**What is needed:**
Return every record below exactly as given.
** Opening Exercise material block **
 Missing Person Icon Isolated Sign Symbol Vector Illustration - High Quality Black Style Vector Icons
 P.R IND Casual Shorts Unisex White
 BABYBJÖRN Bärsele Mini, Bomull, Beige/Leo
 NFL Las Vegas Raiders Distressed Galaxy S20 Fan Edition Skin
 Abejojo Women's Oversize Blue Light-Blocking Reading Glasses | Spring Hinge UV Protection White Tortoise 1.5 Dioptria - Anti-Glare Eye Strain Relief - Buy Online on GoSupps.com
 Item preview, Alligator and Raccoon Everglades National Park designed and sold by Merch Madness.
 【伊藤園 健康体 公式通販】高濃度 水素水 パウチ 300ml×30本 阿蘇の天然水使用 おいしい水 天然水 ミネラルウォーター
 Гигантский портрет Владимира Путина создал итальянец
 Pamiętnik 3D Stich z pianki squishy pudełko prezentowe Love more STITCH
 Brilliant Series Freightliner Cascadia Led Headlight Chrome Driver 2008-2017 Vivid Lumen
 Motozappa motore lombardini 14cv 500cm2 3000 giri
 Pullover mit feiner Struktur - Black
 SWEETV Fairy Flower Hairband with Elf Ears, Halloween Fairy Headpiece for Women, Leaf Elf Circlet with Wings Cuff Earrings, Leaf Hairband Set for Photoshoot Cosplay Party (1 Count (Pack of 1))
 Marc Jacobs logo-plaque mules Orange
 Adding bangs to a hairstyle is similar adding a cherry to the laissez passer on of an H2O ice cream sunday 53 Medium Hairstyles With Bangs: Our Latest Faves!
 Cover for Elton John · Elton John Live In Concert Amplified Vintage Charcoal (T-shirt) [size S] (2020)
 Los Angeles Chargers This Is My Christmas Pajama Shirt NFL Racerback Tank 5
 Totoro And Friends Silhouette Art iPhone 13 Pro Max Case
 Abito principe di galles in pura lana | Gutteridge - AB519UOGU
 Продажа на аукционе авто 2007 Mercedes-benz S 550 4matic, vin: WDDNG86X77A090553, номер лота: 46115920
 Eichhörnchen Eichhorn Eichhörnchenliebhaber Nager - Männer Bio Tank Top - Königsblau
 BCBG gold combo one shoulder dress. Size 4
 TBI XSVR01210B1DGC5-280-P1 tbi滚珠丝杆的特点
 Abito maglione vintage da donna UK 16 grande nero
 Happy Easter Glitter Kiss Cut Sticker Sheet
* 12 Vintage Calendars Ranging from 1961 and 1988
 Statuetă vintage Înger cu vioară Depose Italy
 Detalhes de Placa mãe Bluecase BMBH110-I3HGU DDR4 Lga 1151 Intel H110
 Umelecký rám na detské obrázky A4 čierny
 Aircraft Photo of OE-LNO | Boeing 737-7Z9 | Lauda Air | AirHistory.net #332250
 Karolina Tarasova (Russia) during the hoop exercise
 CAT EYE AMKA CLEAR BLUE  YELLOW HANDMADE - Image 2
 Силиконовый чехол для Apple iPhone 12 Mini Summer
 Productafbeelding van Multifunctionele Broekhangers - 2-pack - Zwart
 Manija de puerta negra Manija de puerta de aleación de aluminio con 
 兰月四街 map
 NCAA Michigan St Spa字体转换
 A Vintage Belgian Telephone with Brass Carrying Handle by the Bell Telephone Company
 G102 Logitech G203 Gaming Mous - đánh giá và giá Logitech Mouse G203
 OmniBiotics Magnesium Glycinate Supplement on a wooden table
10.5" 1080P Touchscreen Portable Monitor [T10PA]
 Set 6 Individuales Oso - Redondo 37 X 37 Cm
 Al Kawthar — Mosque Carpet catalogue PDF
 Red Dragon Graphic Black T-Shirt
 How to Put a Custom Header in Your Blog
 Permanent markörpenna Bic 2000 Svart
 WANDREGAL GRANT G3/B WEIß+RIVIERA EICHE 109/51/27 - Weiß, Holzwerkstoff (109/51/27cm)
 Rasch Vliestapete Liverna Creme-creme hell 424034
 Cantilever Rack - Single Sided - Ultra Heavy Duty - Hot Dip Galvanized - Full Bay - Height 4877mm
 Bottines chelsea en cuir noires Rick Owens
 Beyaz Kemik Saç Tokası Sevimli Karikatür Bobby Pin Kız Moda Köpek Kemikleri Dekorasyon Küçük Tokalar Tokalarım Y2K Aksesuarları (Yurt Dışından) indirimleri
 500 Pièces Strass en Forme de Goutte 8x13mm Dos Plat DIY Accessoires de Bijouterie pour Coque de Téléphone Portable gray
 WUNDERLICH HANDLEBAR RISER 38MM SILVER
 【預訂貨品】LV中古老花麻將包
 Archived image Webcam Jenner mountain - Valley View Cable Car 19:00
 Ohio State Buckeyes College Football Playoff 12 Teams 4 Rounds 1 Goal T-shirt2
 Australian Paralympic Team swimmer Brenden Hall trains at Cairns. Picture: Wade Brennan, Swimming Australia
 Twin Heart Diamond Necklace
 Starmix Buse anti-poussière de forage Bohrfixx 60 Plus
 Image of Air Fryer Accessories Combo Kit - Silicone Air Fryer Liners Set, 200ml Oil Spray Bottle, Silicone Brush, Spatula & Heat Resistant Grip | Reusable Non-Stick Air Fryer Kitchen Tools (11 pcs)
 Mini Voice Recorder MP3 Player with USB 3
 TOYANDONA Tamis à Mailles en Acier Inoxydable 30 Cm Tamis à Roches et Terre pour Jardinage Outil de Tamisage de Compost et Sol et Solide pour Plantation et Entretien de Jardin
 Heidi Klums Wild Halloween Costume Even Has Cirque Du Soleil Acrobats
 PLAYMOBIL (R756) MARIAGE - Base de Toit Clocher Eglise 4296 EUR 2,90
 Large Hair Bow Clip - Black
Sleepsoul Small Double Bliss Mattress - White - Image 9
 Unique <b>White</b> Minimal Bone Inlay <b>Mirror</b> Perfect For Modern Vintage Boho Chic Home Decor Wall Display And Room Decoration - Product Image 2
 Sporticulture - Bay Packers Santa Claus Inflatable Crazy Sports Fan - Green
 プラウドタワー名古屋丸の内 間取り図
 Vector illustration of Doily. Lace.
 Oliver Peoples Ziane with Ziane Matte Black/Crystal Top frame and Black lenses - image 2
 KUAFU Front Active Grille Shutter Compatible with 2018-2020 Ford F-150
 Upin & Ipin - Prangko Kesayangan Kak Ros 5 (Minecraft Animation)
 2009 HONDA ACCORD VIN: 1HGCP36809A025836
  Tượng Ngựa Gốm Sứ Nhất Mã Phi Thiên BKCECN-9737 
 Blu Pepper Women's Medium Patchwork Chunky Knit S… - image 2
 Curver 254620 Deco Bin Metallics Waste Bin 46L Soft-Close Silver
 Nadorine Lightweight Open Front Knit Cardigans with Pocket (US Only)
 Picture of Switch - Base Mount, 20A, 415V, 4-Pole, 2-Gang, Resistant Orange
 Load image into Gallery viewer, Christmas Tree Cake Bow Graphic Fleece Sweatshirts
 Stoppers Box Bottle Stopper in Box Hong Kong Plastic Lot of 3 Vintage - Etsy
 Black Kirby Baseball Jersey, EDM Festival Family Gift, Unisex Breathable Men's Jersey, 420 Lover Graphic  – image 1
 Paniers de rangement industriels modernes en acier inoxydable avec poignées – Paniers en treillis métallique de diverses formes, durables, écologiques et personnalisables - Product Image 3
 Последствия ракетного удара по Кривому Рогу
** Closing Exercise material block **
**Task result:**
 Missing Person Icon Isolated Sign Symbol Vector Illustration - High Quality Black Style Vector Icons
 P.R IND Casual Shorts Unisex White
 BABYBJÖRN Bärsele Mini, Bomull, Beige/Leo
 NFL Las Vegas Raiders Distressed Galaxy S20 Fan Edition Skin
 Abejojo Women's Oversize Blue Light-Blocking Reading Glasses | Spring Hinge UV Protection White Tortoise 1.5 Dioptria - Anti-Glare Eye Strain Relief - Buy Online on GoSupps.com
 Item preview, Alligator and Raccoon Everglades National Park designed and sold by Merch Madness.
 【伊藤園 健康体 公式通販】高濃度 水素水 パウチ 300ml×30本 阿蘇の天然水使用 おいしい水 天然水 ミネラルウォーター
 Гигантский портрет Владимира Путина создал итальянец
 Pamiętnik 3D Stich z pianki squishy pudełko prezentowe Love more STITCH
 Brilliant Series Freightliner Cascadia Led Headlight Chrome Driver 2008-2017 Vivid Lumen
 Motozappa motore lombardini 14cv 500cm2 3000 giri
 Pullover mit feiner Struktur - Black
 SWEETV Fairy Flower Hairband with Elf Ears, Halloween Fairy Headpiece for Women, Leaf Elf Circlet with Wings Cuff Earrings, Leaf Hairband Set for Photoshoot Cosplay Party (1 Count (Pack of 1))
 Marc Jacobs logo-plaque mules Orange
 Adding bangs to a hairstyle is similar adding a cherry to the laissez passer on of an H2O ice cream sunday 53 Medium Hairstyles With Bangs: Our Latest Faves!
 Cover for Elton John · Elton John Live In Concert Amplified Vintage Charcoal (T-shirt) [size S] (2020)
 Los Angeles Chargers This Is My Christmas Pajama Shirt NFL Racerback Tank 5
 Totoro And Friends Silhouette Art iPhone 13 Pro Max Case
 Abito principe di galles in pura lana | Gutteridge - AB519UOGU
 Продажа на аукционе авто 2007 Mercedes-benz S 550 4matic, vin: WDDNG86X77A090553, номер лота: 46115920
 Eichhörnchen Eichhorn Eichhörnchenliebhaber Nager - Männer Bio Tank Top - Königsblau
 BCBG gold combo one shoulder dress. Size 4
 TBI XSVR01210B1DGC5-280-P1 tbi滚珠丝杆的特点
 Abito maglione vintage da donna UK 16 grande nero
 Happy Easter Glitter Kiss Cut Sticker Sheet
* 12 Vintage Calendars Ranging from 1961 and 1988
 Statuetă vintage Înger cu vioară Depose Italy
 Detalhes de Placa mãe Bluecase BMBH110-I3HGU DDR4 Lga 1151 Intel H110
 Umelecký rám na detské obrázky A4 čierny
 Aircraft Photo of OE-LNO | Boeing 737-7Z9 | Lauda Air | AirHistory.net #332250
 Karolina Tarasova (Russia) during the hoop exercise
 CAT EYE AMKA CLEAR BLUE  YELLOW HANDMADE - Image 2
 Силиконовый чехол для Apple iPhone 12 Mini Summer
 Productafbeelding van Multifunctionele Broekhangers - 2-pack - Zwart
 Manija de puerta negra Manija de puerta de aleación de aluminio con 
 兰月四街 map
 NCAA Michigan St Spa字体转换
 A Vintage Belgian Telephone with Brass Carrying Handle by the Bell Telephone Company
 G102 Logitech G203 Gaming Mous - đánh giá và giá Logitech Mouse G203
 OmniBiotics Magnesium Glycinate Supplement on a wooden table
10.5" 1080P Touchscreen Portable Monitor [T10PA]
 Set 6 Individuales Oso - Redondo 37 X 37 Cm
 Al Kawthar — Mosque Carpet catalogue PDF
 Red Dragon Graphic Black T-Shirt
 How to Put a Custom Header in Your Blog
 Permanent markörpenna Bic 2000 Svart
 WANDREGAL GRANT G3/B WEIß+RIVIERA EICHE 109/51/27 - Weiß, Holzwerkstoff (109/51/27cm)
 Rasch Vliestapete Liverna Creme-creme hell 424034
 Cantilever Rack - Single Sided - Ultra Heavy Duty - Hot Dip Galvanized - Full Bay - Height 4877mm
 Bottines chelsea en cuir noires Rick Owens
 Beyaz Kemik Saç Tokası Sevimli Karikatür Bobby Pin Kız Moda Köpek Kemikleri Dekorasyon Küçük Tokalar Tokalarım Y2K Aksesuarları (Yurt Dışından) indirimleri
 500 Pièces Strass en Forme de Goutte 8x13mm Dos Plat DIY Accessoires de Bijouterie pour Coque de Téléphone Portable gray
 WUNDERLICH HANDLEBAR RISER 38MM SILVER
 【預訂貨品】LV中古老花麻將包
 Archived image Webcam Jenner mountain - Valley View Cable Car 19:00
 Ohio State Buckeyes College Football Playoff 12 Teams 4 Rounds 1 Goal T-shirt2
 Australian Paralympic Team swimmer Brenden Hall trains at Cairns. Picture: Wade Brennan, Swimming Australia
 Twin Heart Diamond Necklace
 Starmix Buse anti-poussière de forage Bohrfixx 60 Plus
 Image of Air Fryer Accessories Combo Kit - Silicone Air Fryer Liners Set, 200ml Oil Spray Bottle, Silicone Brush, Spatula & Heat Resistant Grip | Reusable Non-Stick Air Fryer Kitchen Tools (11 pcs)
 Mini Voice Recorder MP3 Player with USB 3
 TOYANDONA Tamis à Mailles en Acier Inoxydable 30 Cm Tamis à Roches et Terre pour Jardinage Outil de Tamisage de Compost et Sol et Solide pour Plantation et Entretien de Jardin
 Heidi Klums Wild Halloween Costume Even Has Cirque Du Soleil Acrobats
 PLAYMOBIL (R756) MARIAGE - Base de Toit Clocher Eglise 4296 EUR 2,90
 Large Hair Bow Clip - Black
Sleepsoul Small Double Bliss Mattress - White - Image 9
 Unique <b>White</b> Minimal Bone Inlay <b>Mirror</b> Perfect For Modern Vintage Boho Chic Home Decor Wall Display And Room Decoration - Product Image 2
 Sporticulture - Bay Packers Santa Claus Inflatable Crazy Sports Fan - Green
 プラウドタワー名古屋丸の内 間取り図
 Vector illustration of Doily. Lace.
 Oliver Peoples Ziane with Ziane Matte Black/Crystal Top frame and Black lenses - image 2
 KUAFU Front Active Grille Shutter Compatible with 2018-2020 Ford F-150
 Upin & Ipin - Prangko Kesayangan Kak Ros 5 (Minecraft Animation)
 2009 HONDA ACCORD VIN: 1HGCP36809A025836
  Tượng Ngựa Gốm Sứ Nhất Mã Phi Thiên BKCECN-9737 
 Blu Pepper Women's Medium Patchwork Chunky Knit S… - image 2
 Curver 254620 Deco Bin Metallics Waste Bin 46L Soft-Close Silver
 Nadorine Lightweight Open Front Knit Cardigans with Pocket (US Only)
 Picture of Switch - Base Mount, 20A, 415V, 4-Pole, 2-Gang, Resistant Orange
 Load image into Gallery viewer, Christmas Tree Cake Bow Graphic Fleece Sweatshirts
 Stoppers Box Bottle Stopper in Box Hong Kong Plastic Lot of 3 Vintage - Etsy
 Black Kirby Baseball Jersey, EDM Festival Family Gift, Unisex Breathable Men's Jersey, 420 Lover Graphic  – image 1
 Paniers de rangement industriels modernes en acier inoxydable avec poignées – Paniers en treillis métallique de diverses formes, durables, écologiques et personnalisables - Product Image 3
 Последствия ракетного удара по Кривому Рогу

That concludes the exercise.